Type of paper: Abstract refereed

Educational governance is defined through complex interactions between global networks, states, corporations, non-governmental organisations, educational institutions, families, and many other actors that contribute to define the type of education that is offered in schools. Analysing how knowledge, material and symbolic resources and power circulate through these networked interactions is key in understanding contemporary power relations in education.

Furthermore, policies are dynamic objects that move between different contexts. As policies move, they transform the contexts to which they move but at the same time policies are transformed by this context. Policies are interpreted and reinterpreted (Ball, 2015). Policies are ontologically unstable objects that have different meanings in different contexts at the same time.

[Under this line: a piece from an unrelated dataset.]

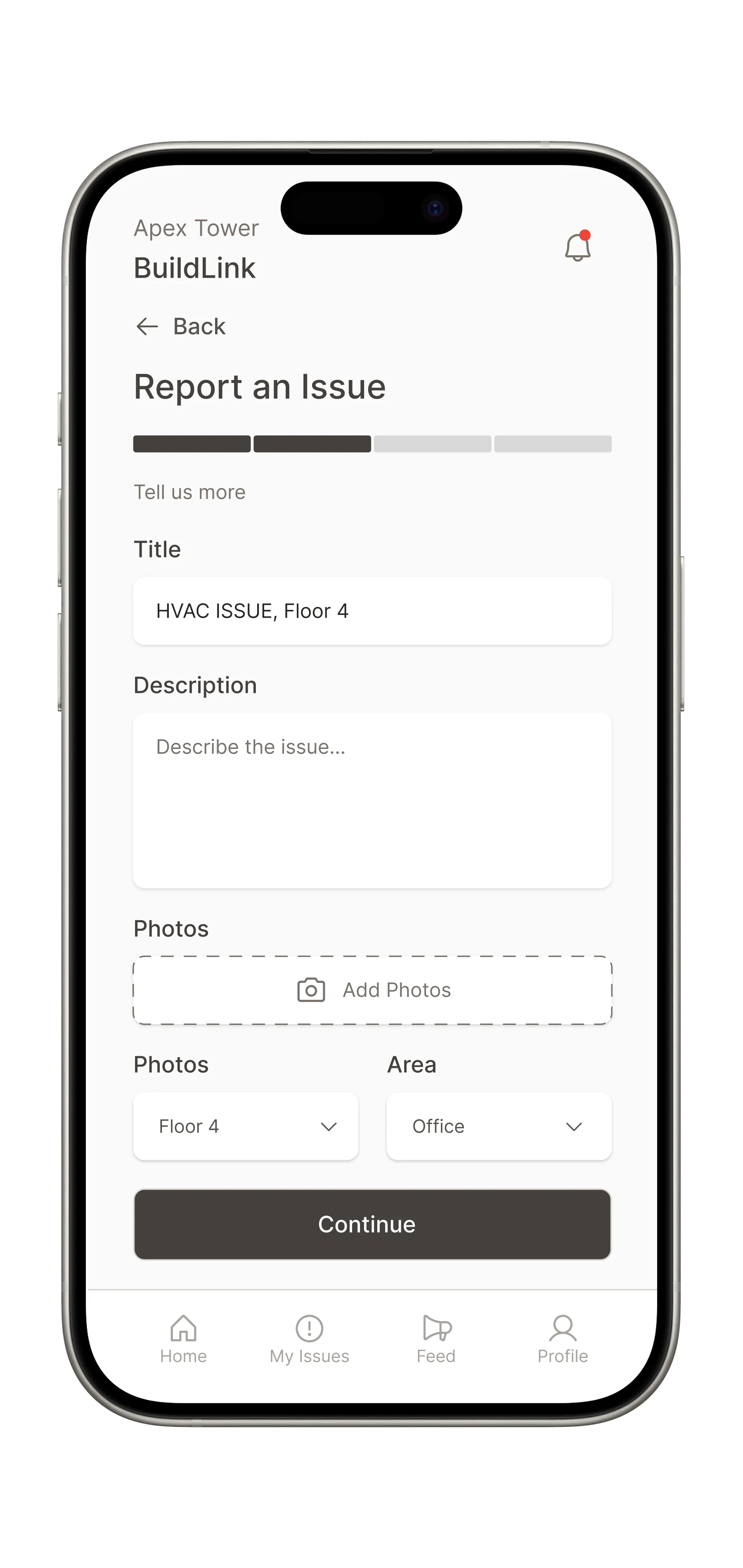 Report an issue: title, description, photos, and location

In the case of federal systems, extra layers of complexity are added to the challenge of examining education policies and power relations in education. Federal systems challenge the use of the nation state as the taken for granted unit of analysis, since sub-national units can reinterpret national and global mandates differently, and can even produce their own initiatives independently from the federal level. Moreover, empirical evidence shows that federalism cannot simply be opposed to unitary systems. There are diverse institutional designs of federal systems that require detailed analyses of the effects that federalism might have on processes of educational governance. Thus, we argue that there are multiple federalisms, and that there is much work to be done in terms of mapping, interpreting and comparing the different ways in which federations govern education.

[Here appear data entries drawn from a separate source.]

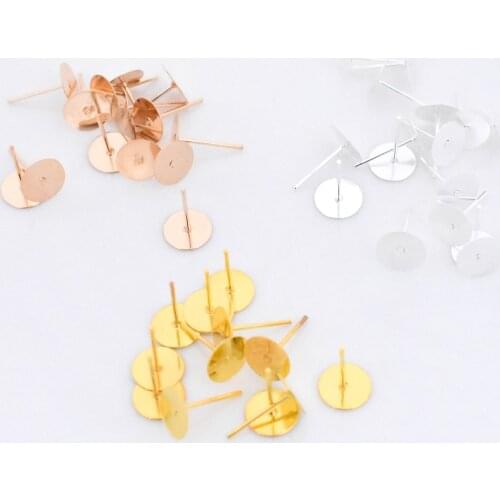 8mm 50pcs/lot New Fashion 3 Colors Plated Iron Earring Studs blank base Earring Post (with Stopper) Base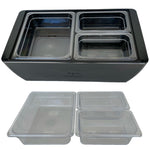 REVO MIX Pan Set | Polycarbonate 4" deep | One 1/2 Size and Two 1/4 size food pans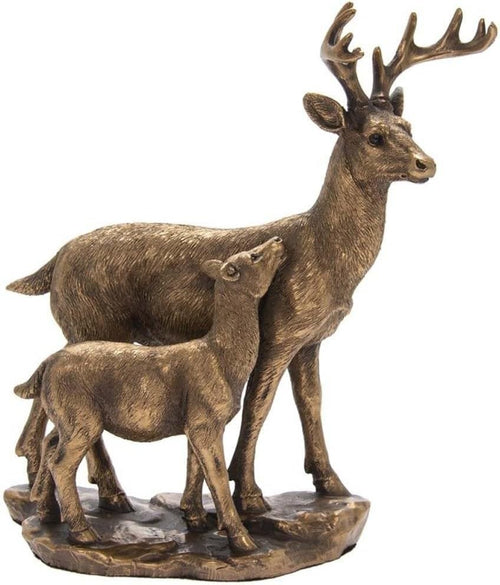 Bronzed Deer & Fawn Ornament Sculpture Resin Wildlife Figure Home Garden Decor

In this paper, we explore this argument by analyzing and comparing forms of educational governance in three federal systems in Latin America: Mexico, Brazil and Argentina. We suggest that federalism in these three nation-states has very different historical trajectories and institutional designs, resulting in particular ways of distributing power among governmental agencies.

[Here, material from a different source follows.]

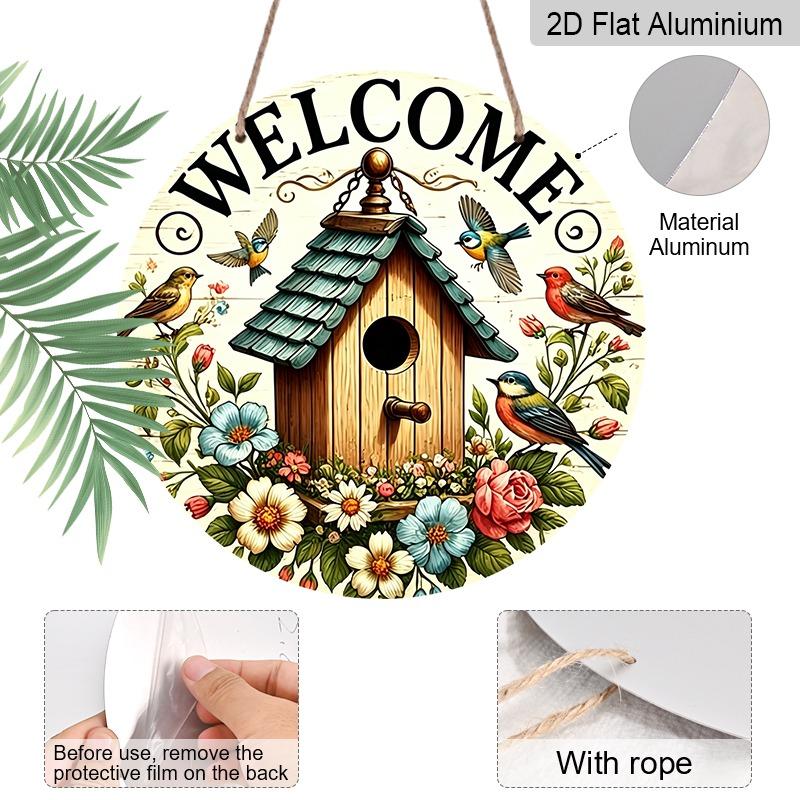 2D Flat Birdhouse Floral Welcome Doorplate, Aluminum Decorative Sign and Plaque, Various Sizes. Colorful Birds and Flowers, Rustic Farmhouse Hanging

Global policy flows in the 1990s promoted decentralization in school systems in Latin America, resulting in a wave of administrative transference of schools to sub-national agencies in most countries. This was mainly triggered by fiscal aims of budget restriction. However, in the last twenty years there has been a shift toward educational recentralization, with federal agencies gaining control through policies such as tighter curricular standards, distribution of textbooks or computers, and high stakes assessments. We compare the dynamic forms of federalism in these three countries by looking at shifts in the distribution of fiscal, political and curricular power over education.